Music Subscription Analysis

Author

Cristina Marinescu

Part A - Exploratory Analysis of the Music Subscription Dataset

To explore and understand the relationship between whether a customer renews their subscription and the predictor variables. A visual exploration using relevant graphs was carried.

Interpretation

This Barchart represents the relationship between gender and whether or not they decided to renew their subscription.

As we can see above, it appears that the data contains more information on the male gender rather than the female, therefore the data is skewed as there is not equal amounts of data from both genders. Right now we are told that Males have a higher rate of renewal and non-renewal.

Renewal vs Customer Spending Behaviour:

Interpretation

The Boxplot shows that spending levels are similar for customers that renewed and those who didn’t.

Customers who did renew their subscription are shown to have a slightly higher median spend than those who didn’t. But as we can see the top whisker for the non-renewed side of the boxplot spans higher than the one for renewers, which means that even if customers were spending a lot of money, they still chose to not renew.

This suggests that the customer’s spending cannot really explain the reason they chose to not renew.

Renewed vs Age:

Interpretation

The boxplot shows that the median age of customers who renewed and those who didn’t is nearly identical, which tells us that age doesn’t differ strongly between groups.

Both groups display a wide range of ages with some younger and some older outliers and even though the median ages are very similar, the renewed customers have the larger interquartile range which tells us there is a greater age variation in this group.

Renewed vs Number of Complaints:

Interpretation

The boxplot shows that the number of complaints is zero for the majority of the customers in both the renewed and non-renewed categories which is why the boxes collapsed into a single line at 0.

The outliers represent customers who issued one or more complaints and both groups contain an amount of customers with several complaints each. The group that didn’t renew has an extreme outlier that sits at around 20 complaints on the Y axis.

Therefore this suggests that complaints are generally rare and similar across group but it suggests that high complaint levels could be associated with a higher likelihood of non-renewal.

Renewed vs Contact Recency:

Interpretation

The boxplot shows that contact recency is generally similar for customers who renewed and those who didn’t

The lower quartile for non-renewers is slightly higher which tells us that they were is higher which says that they were contacted less recently on average. The medians and overall distributions are close so this suggests that contact recency does not strongly influence whether a customer renews their subscription.

Renewed vs Number of Contacts

Interpretation

The boxplot shows that the number of contacts is very low for most customers in both the renewed and non-renewed groups which makes the boxes appearing to be small and close to zero.

The high outliers represent customers who were contacted unusually frequently, with both groups showing a few customers receiving over 10 contacts, some reaching over 30.

The medians and interquartile ranges are nearly identical so this tells us that the typical number of contacts does not differ meaningfully between those who did and did not renew.

The number of contacts seems to have a weak relationship with renewal behaviour.

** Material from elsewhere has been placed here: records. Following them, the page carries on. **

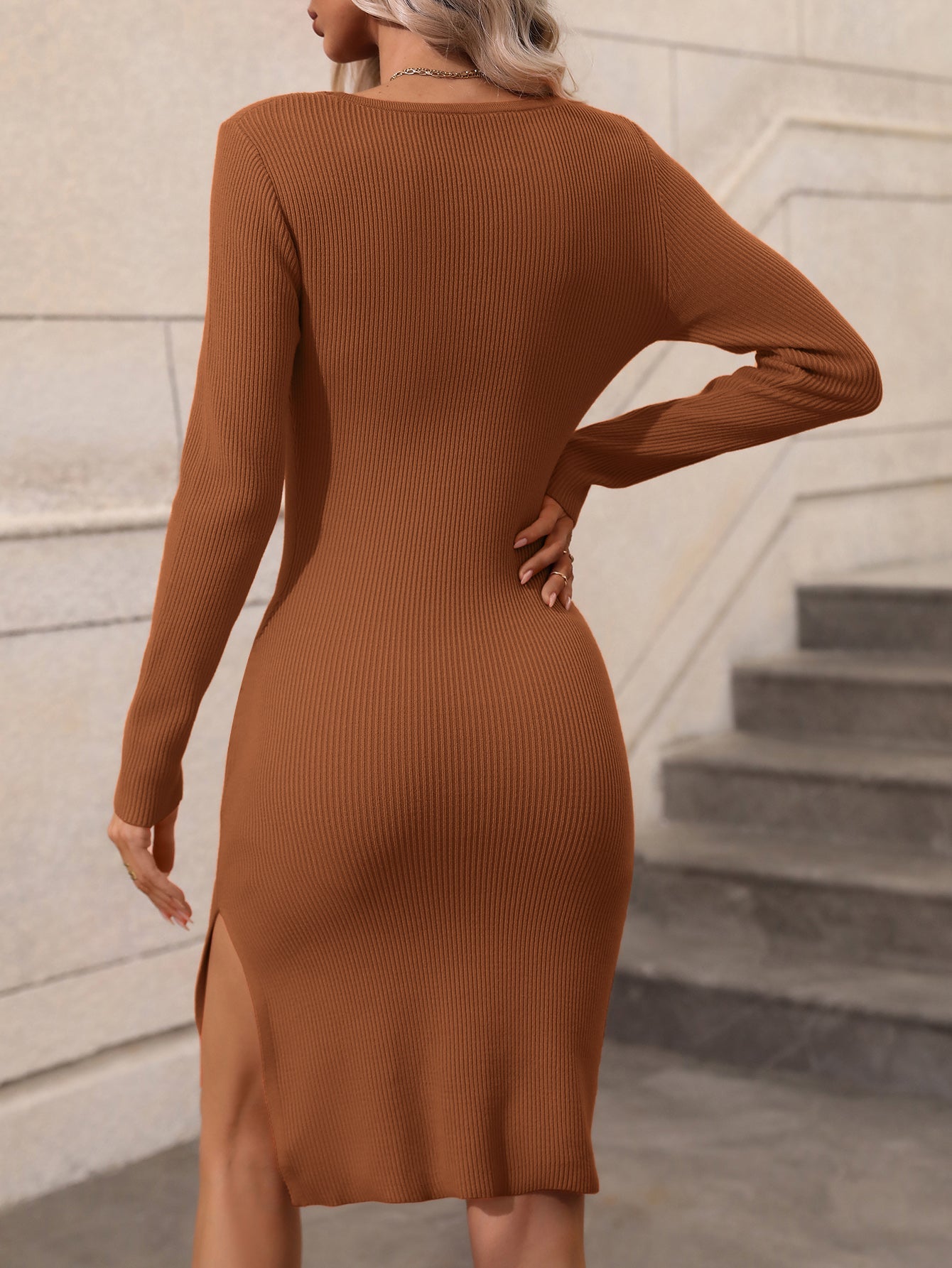 Brown ribbed midi dress with long sleeves and a high slit.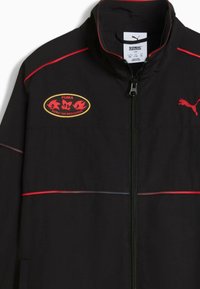 Svart jacka med röda accenter, med dragkedja fram, hög krage och ett broderat Sonic the Hedgehog-logga. Slät textur.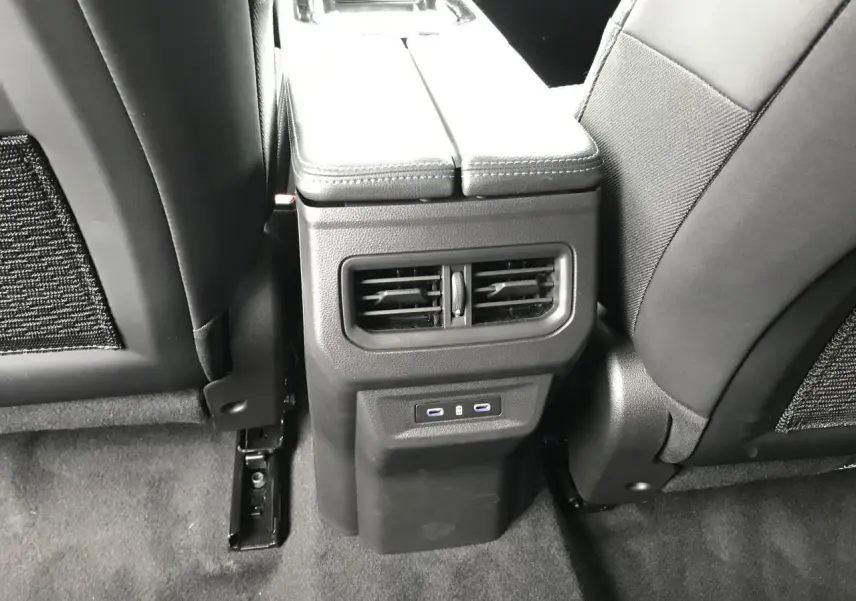 Vue rapprochée de la console centrale arrière du Renault Austral blanc, avec aérateurs et prises USB visibles.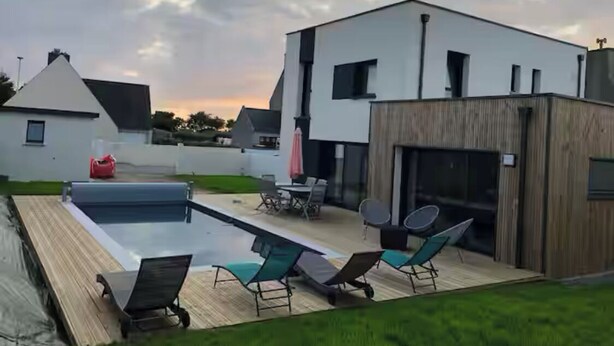 A modern house with a swimming pool, outdoor seating, and a large garage. - Seaside villa PMR standard Portsall (Ploudalmézeau)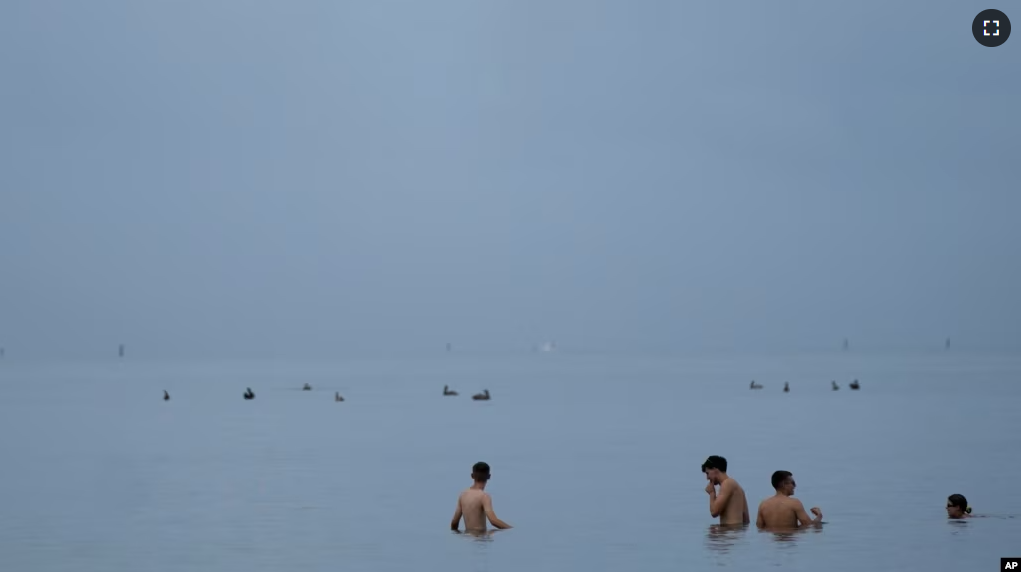 FILE - People swim in the ocean off of Crandon Park, July 28, 2023, in Key Biscayne, Fla (AP Photo/Rebecca Blackwell, File)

Renewed vs Length of Relationship:

Interpretation

This boxplot shows a clear difference in length of relationship between customers who renewed and those who did not. Renewers have a noticeably higher median LOR and a wider spread in the upper quartile, this tells us that they tend to have longer relationships with the company.

Although some non-renewers appear as high outliers with very long relationships, they represent a small number of cases and do not reflect the typical pattern.

Overall, this suggests that customers with longer relationships are more likely to renew, making LOR one of the strongest predictors.

Part B - Predicting Customers Who Will Renew Their Music Subscription

  1. A classification tree model will be used along with the data in order to predict if a customer will re-subscribe.

Interpretation

RULE: If a customer has LOR ≥ 140 then the model predicts that the customer will re-subscribe.

The node representing this rule has a predicted renewal probability of 0.61, where 61% of customers in this group renewed. This makes the node reasonably pure because the majority of observations fall into the same class (Yes)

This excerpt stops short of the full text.